But now I face a whole new set of struggles, and this time it’s not particular to my psyche. I still have some social anxiety from online interaction, but less than in FTF interaction. What I have more of is this sense of being drained of energy and feeling emotionally unfulfilled. The more intimate the relationships, the more intense the feelings. I talked to a friend who is a therapist and she posited that our brains are in search mode for the other social cues we get during face to face interaction. This is similar to an article I read on the exhaustion many of us feel around quarantine. In both situations it’s like that spinning search thing on your computer – it’s like a background process that’s always going and not finding what it needs but is draining computational power. In the case of connection, it’s our psyche’s need for physical proximity and the information that we don’t get online. Sympathetic nervous systems stuff, the full range of visual information, movement, microexpressions, pheromones, smell, and touch if the relationship involves that.

I miss proximity. I miss it a lot.

In many of my classes, I emphasize research that has shown that strong social connections and close relationships are significant predictors for longevity. They are much more highly correlated with longevity than diet or exercise (just a lot harder to commoditize). These connections are also interdependent – a thing US culture has a really fucking hard time with, as evidenced by our inability to recognize that our individual and collective survival during this pandemic are inexorably linked. So when I talk to my students about it, I urge them to remember to prioritize social connection as they move into a period of their lives that can be very isolating. Whether it’s graduate school or their first job-job, social connection is no longer built into the environment and is, in fact, fraught in ways that it is not during their undergraduate years. Friendships at work are tricky and need to form over time. Dating at work is risky at best. Graduate school is notoriously isolating and graduate students tend to have very poor mental health. I try to teach them that we have to really push against our perfectionistic,  bootstrappy, individualistic culture because it can be quite literally bad for our health.

Which leaves us where, exactly, right now? I really feel the loss of connection day-to-day. Seeing my students and talking to them after class while we walk to our next stops. Lunches with friends. Hanging out with other parents on the weekends and letting our kids play while we chat. Chatting with servers, and checkers, and other random people in my usually friendly city. Just sharing eye contact and a smile. I’m learning how to read smiles through masks, but I’m not out often enough for it to feed that part of me that is just starving right now.

I’m glad Zoom is a thing. I’m lucky to have internet-linked devices and good wifi at home. I love all the different ways I can contact my people, and sharing memes and stupid videos and random thoughts or pictures of my kid being extra. But I still feel this tug in my heart. I want to be with my people. Just near them. I am maintaining the rules of social distancing because I understand how this virus works and I do not want to get sick with it or god forbid, give it to other people. So this isn’t complaining. I’m just reflecting on the realization that I am suffering from withdrawal from a drug that we all need. And that I will not take for granted again.

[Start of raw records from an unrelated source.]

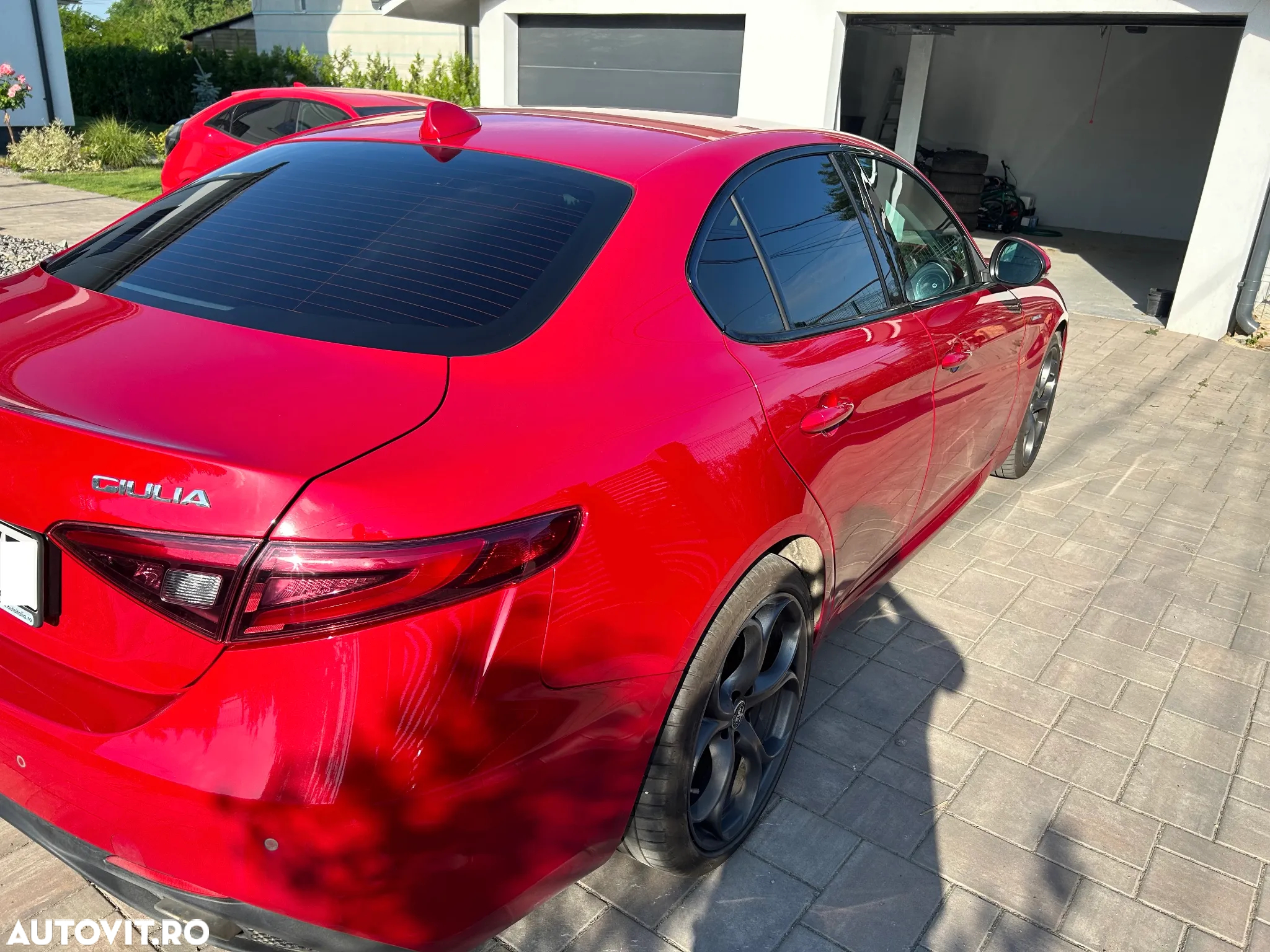 Alfa Romeo Giulia 2.0 Turbo AWD AT8 Veloce - 18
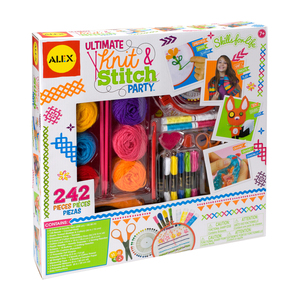 Alex Toys Ultimate Knit & Stitch Party
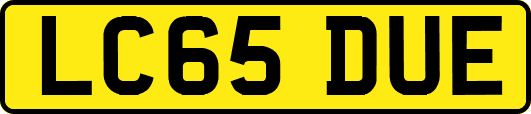 LC65DUE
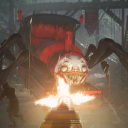 تحميل  Choo Choo Spider Monster Train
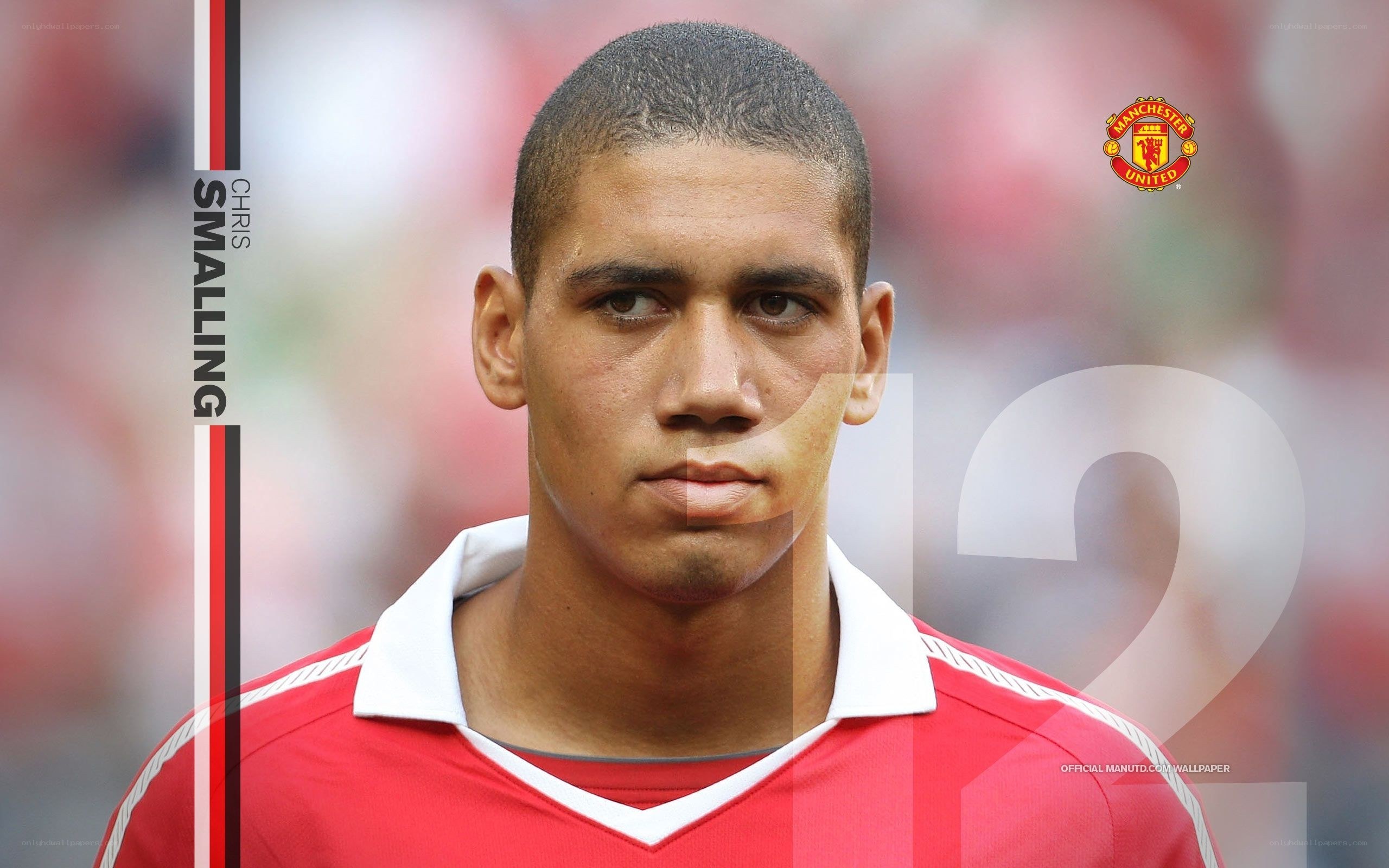 Chris Smalling Manchester United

There will be lots of studies on this. Actually, there are a crapton of studies already starting. They will measure the effectiveness of coping, and mental health among different quarantined demographics, and the effects of socioeconomic status on mental health, and cortisol levels before and after a video chat with a friend, and lots more necessary stuff. But I hope that we also, as researchers, really dig into the emotional and physical phenomena that we and others are experiencing during this time due to separation. What is happening to our bodies when it feels like our hearts are shriveling up? What does loneliness taste like during this weird-ass time? How do we and others describe it? What will we experience when we come out of our caves again? Will it look like PTSD or will it be something new?

Who will we be, and who will we be to each other, once this is over?

Everything is surreal. More systems theory. And some psych.

Oh, the naive me of like two weeks ago. Okay, not really. But trauma fatigue is a thing, and we are all dealing with it to varying degrees based on 1) our circumstances and 2) our ability to deal with ambiguity and stress. I’m not going to self-own by trying to do neuropsychology, but basically, our brains spend a lot of time trying to deal with the ambiguity and stress, which has a lot of physical and psychological effects. Brain fog. Exhaustion. Insomnia. Weird-ass dreams. Aches and pains.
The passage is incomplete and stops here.